● Exercise prompt
Find the line with "Tập trung phòng, chống" in the records below. Copy it and every line after it, up to and including the line with "X0000090781265200708031707".

● Dataset excerpts
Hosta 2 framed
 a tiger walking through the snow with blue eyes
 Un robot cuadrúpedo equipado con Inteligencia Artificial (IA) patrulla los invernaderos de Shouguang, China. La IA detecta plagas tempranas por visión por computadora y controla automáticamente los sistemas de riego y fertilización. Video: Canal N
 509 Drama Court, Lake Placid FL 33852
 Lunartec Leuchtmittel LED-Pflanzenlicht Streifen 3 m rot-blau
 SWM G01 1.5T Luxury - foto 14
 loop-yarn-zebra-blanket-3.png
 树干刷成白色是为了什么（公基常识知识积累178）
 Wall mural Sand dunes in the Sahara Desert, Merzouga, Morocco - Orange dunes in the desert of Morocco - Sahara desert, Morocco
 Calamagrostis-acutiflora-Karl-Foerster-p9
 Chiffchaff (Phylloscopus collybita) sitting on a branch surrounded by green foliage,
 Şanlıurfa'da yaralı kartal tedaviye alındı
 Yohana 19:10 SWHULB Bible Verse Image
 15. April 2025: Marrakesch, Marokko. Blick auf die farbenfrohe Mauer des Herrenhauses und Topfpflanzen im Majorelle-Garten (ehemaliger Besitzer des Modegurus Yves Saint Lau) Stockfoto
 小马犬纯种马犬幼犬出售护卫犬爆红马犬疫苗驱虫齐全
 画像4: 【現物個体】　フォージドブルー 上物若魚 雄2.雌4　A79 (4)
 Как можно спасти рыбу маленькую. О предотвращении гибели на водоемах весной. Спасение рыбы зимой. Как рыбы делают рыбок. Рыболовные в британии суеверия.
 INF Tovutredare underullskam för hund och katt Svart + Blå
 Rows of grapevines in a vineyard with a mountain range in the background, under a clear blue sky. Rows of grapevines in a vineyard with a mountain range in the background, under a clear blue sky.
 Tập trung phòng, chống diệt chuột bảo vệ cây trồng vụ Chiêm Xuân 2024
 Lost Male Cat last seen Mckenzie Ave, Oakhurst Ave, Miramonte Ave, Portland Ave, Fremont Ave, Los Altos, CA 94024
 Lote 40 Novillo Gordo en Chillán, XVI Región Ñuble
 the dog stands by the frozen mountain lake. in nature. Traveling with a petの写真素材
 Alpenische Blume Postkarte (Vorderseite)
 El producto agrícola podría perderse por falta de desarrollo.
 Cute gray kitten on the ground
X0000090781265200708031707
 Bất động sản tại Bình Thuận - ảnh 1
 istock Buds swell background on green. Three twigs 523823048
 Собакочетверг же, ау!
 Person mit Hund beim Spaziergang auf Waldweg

● Solution to this exercise
 Tập trung phòng, chống diệt chuột bảo vệ cây trồng vụ Chiêm Xuân 2024
 Lost Male Cat last seen Mckenzie Ave, Oakhurst Ave, Miramonte Ave, Portland Ave, Fremont Ave, Los Altos, CA 94024
 Lote 40 Novillo Gordo en Chillán, XVI Región Ñuble
 the dog stands by the frozen mountain lake. in nature. Traveling with a petの写真素材
 Alpenische Blume Postkarte (Vorderseite)
 El producto agrícola podría perderse por falta de desarrollo.
 Cute gray kitten on the ground
X0000090781265200708031707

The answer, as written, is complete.